• _TASK TO CARRY OUT_: Pictures appear among the records below and must be omitted. Repeat exactly the lines from the line with "White Venise Lace" to the line with "Barcelona Red Metallic", both included.

• _DATA LISTING_:
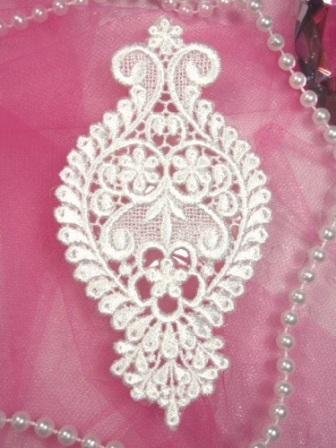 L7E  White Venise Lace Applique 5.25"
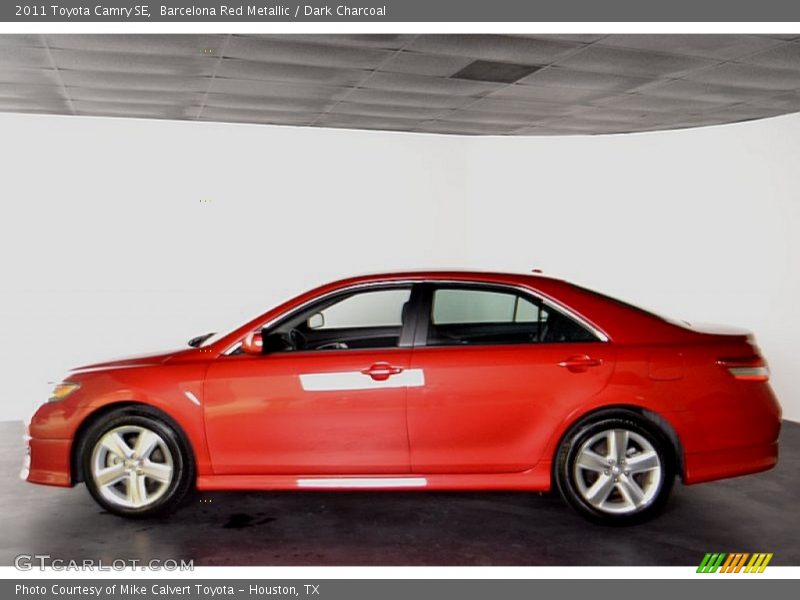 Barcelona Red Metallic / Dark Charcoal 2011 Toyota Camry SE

...

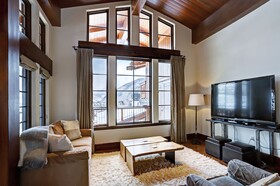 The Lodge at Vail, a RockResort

• _ANSWER FOR THE TASK_:
 L7E  White Venise Lace Applique 5.25"
 Barcelona Red Metallic / Dark Charcoal 2011 Toyota Camry SE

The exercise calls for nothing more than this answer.